Yes well on that point you get into two issues. One is the fundamental "captains of industry vs robber barons" question (but which is a philosophical question that is superfluous here.

The second issue must be clarified however before we can proceed: what scope (and result) are you asking about?

If you mean initially after the invasion or attack (could be two weeks to a year, depending on what kind of assault), almost no one profits. Actually the only people who profit are those individual investors who have stock in oil companies (yes, that could be you) and the oil companies themselves. Of course, this is assuming that oil exports from Iran are interrupted, which is a logical assumption considering that it's not typical for troops, equipment, and strategy to be diverted so that the oil flow may be maintained. A great example of this is in Iraq, where the oil export level is still well below pre-invasion levels.
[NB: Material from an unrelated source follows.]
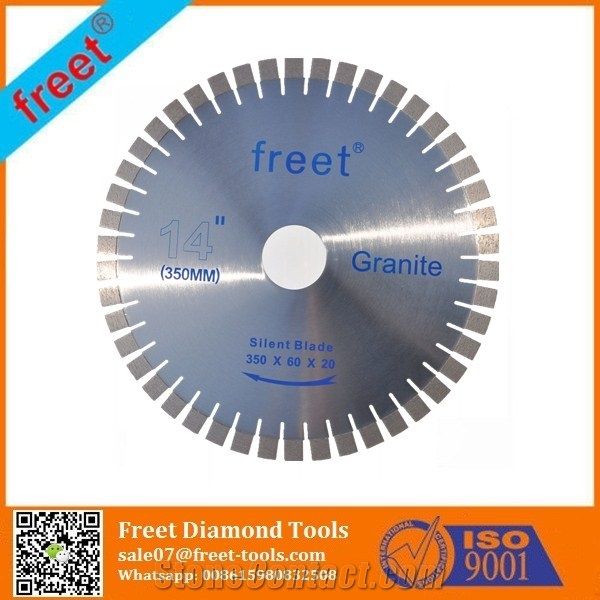 Freet Steel Core Circular Silent Saw Blade for Granite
And even though we now have a sizable military contingent (both US Navy and a lot of British troops) focused on maintaining that oil, this is only because (militarily speaking) major combat operations have ceased, except in western al Anbar province near Syria. But whatever your opinion about our initial motives regarding Iraqi oil, the fact is that now the oil is being maintained in hopes that it will significantly pay for Iraqi reconstruction - and Bush will be able to stop going in front of Congress and requesting an additional 50 to 100 billion to fund the war/reconstruction efforts. Basically, we're now protecting it because it is part of our only ticket out. Of course, a good oil flow also theoretically lowers the price of oil, which does benefit oil consumers like the US and hurts oil producers like Venezuela, Iran, and Russia.

But back to Iran. Again, what type of war and how it goes is crucial. If it is a purely western-led war, then Russia presumably loses big time over the long term - as they currently have the most substantial and hopeful oil contracts with Iran. That is why, if Russia enters the war, pay close attention to where they do it. If it's in the same region most of their tenders are located in, which is closed to Russia anyway (n'eastern Iran), this is no coincidence.

The second main losers are Pakistan and India. Neither produces enough oil to supply themselves, and w/ India especially, if they are to grow long term, they need a large supply. That is why there are large scales plans currently being developed to build a pipeline from Iran through Pak to India. When you hear about India being on the fence and being pressured from both sides, this is the main reason why.

On the winning side, you've mainly got the UK and the US. The UK since they've got the longest history of oil projects and interests - although none currently - in Iran. The US because, if we were to attack other than just bomb, it'd be doing most of the fighting, which means that it'd hold most of the territory. Thus, it'd mainly influence who got the tenders afterward (which would be favored in US). This is biased, sure, but maybe not unreasonable, since the US troops would also do most of the dying.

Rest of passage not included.